WORK INSTRUCTIONS:
Your copy of the data should leave out the images and match everything else exactly.

INPUT RECORDS:
[Start of Attachment]

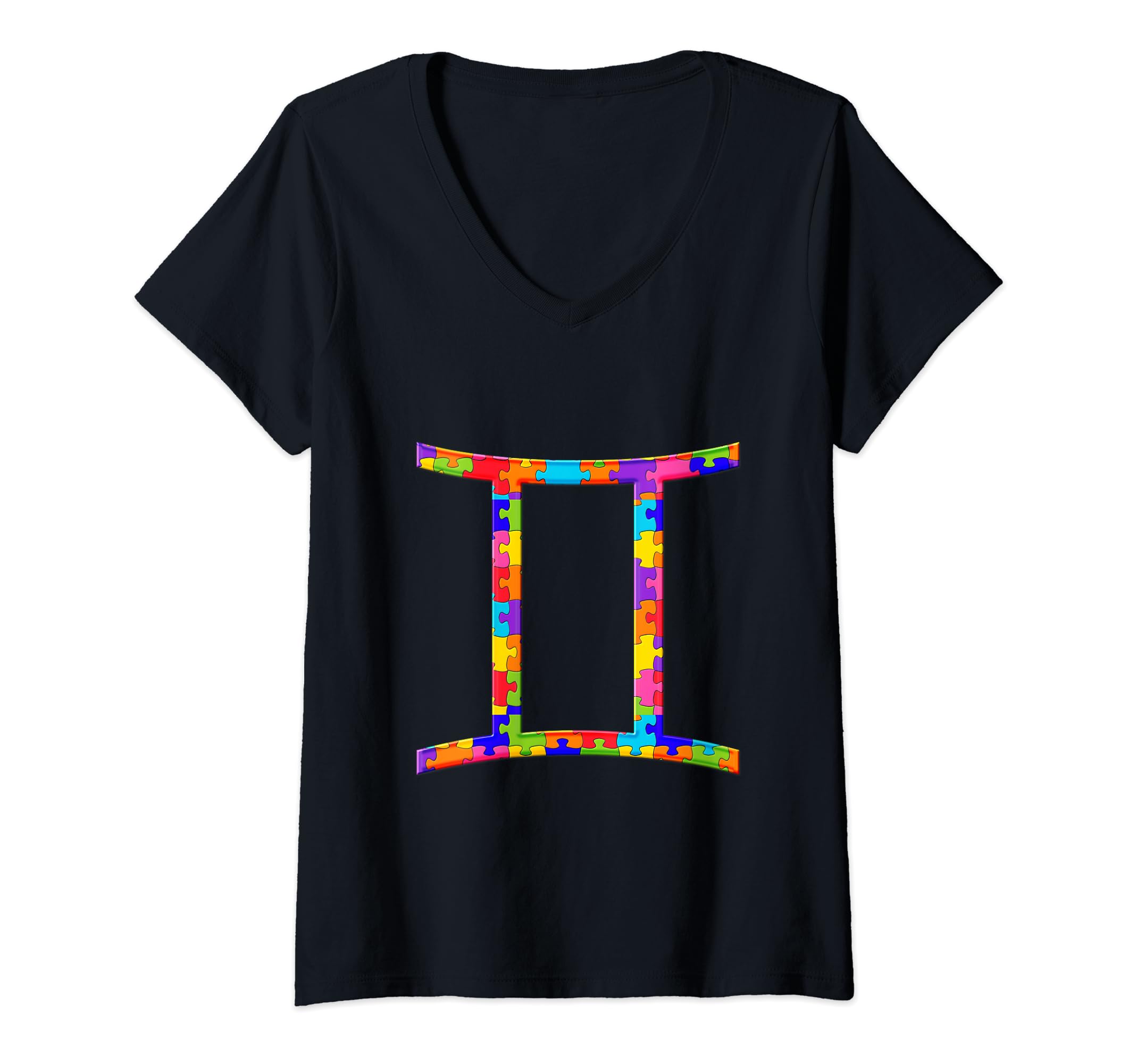 Womens Gemini Zodiac Astrology Jigsaw Autism Puzzle V-Neck T-Shirt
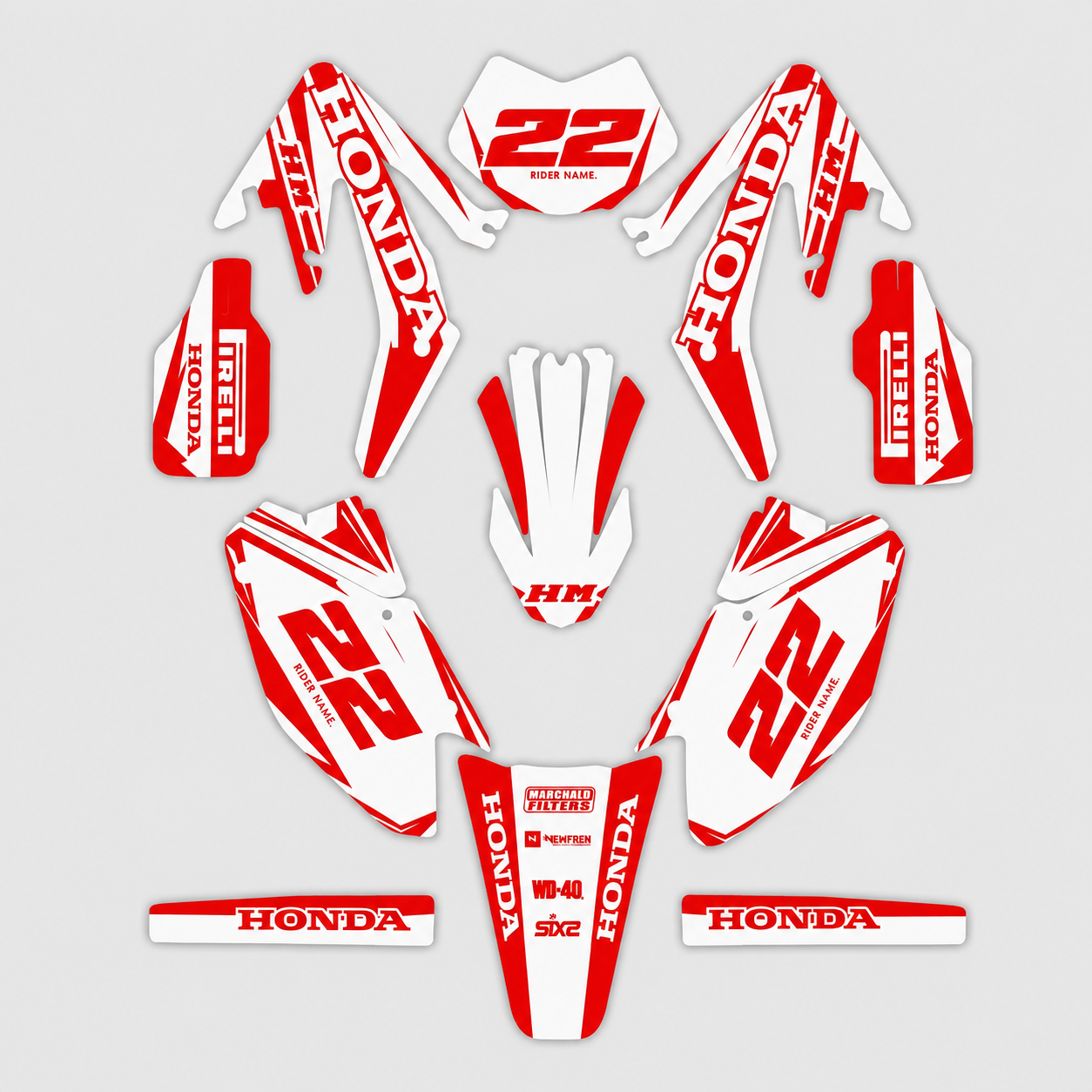 grafiche personalizzate moto HM 50 125 design Rosso Bianco con numeri personalizzabili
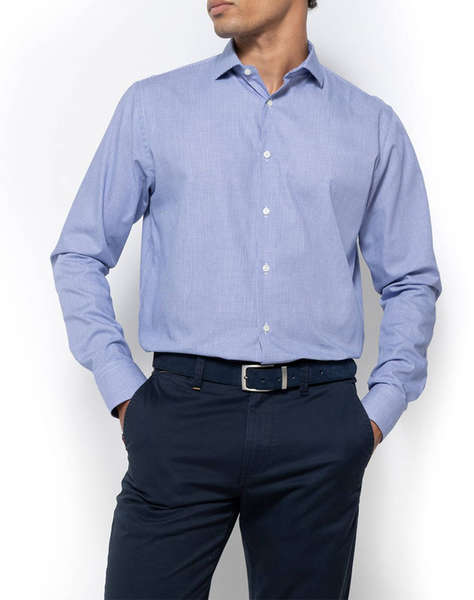 THE BOSTONIANS РИЗА CHESTER TWILL CUSTOM FIT Micro Check TWILL Semi-rex Custom FIT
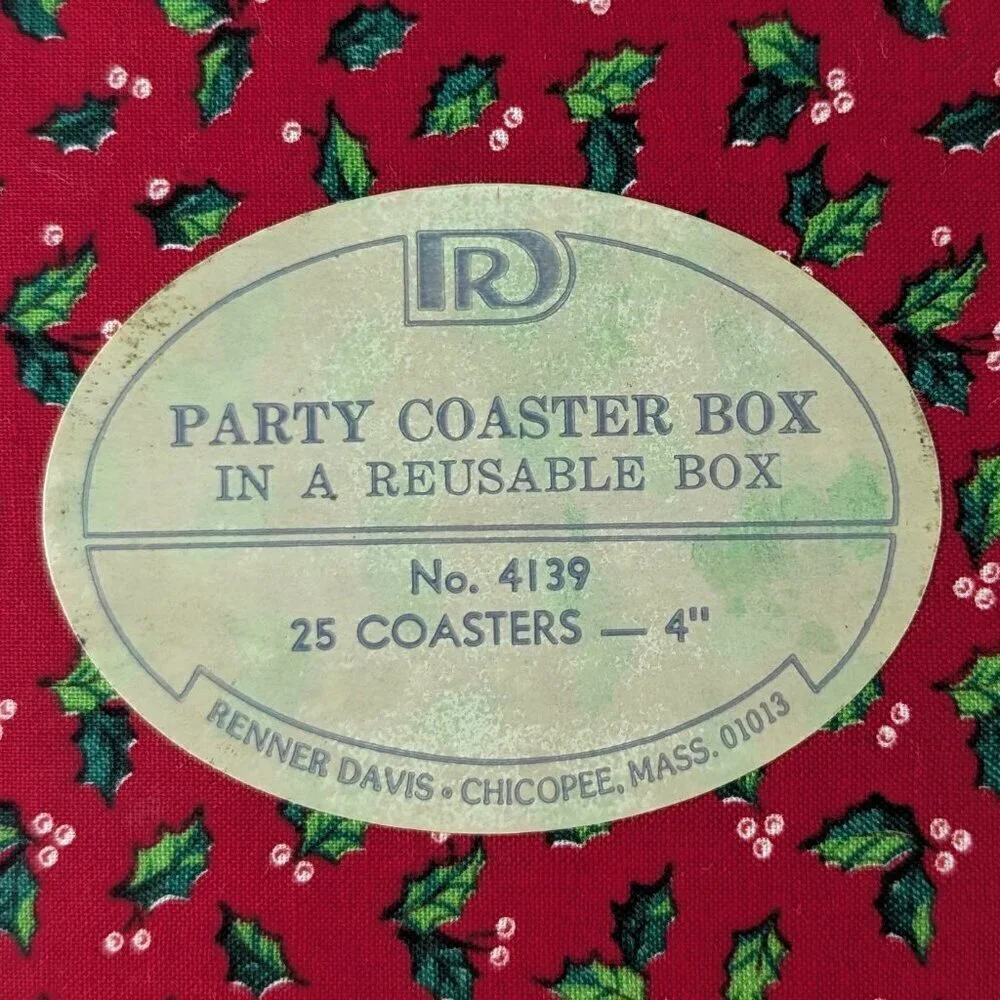 Vintage Renner Davis Christmas Party Coasters w/ Box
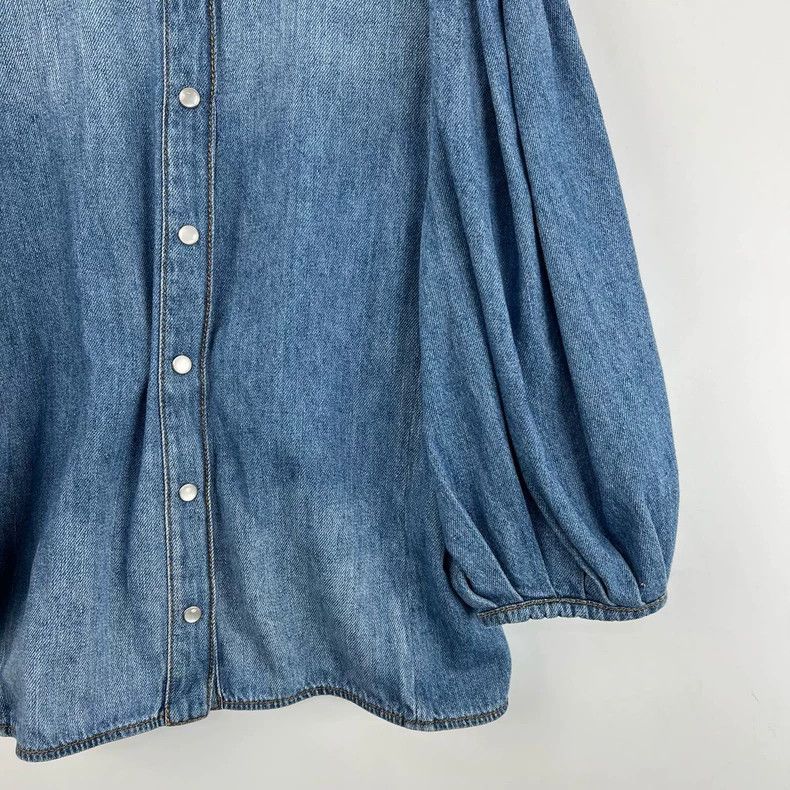 Chloe Blue Denim Puff Sleeve Top Size S / US 4 / IT 40 - 6 Thumbnail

[End of Attachment]

RESULT:
 Womens Gemini Zodiac Astrology Jigsaw Autism Puzzle V-Neck T-Shirt
 grafiche personalizzate moto HM 50 125 design Rosso Bianco con numeri personalizzabili
 THE BOSTONIANS РИЗА CHESTER TWILL CUSTOM FIT Micro Check TWILL Semi-rex Custom FIT
 Vintage Renner Davis Christmas Party Coasters w/ Box
 Chloe Blue Denim Puff Sleeve Top Size S / US 4 / IT 40 - 6 Thumbnail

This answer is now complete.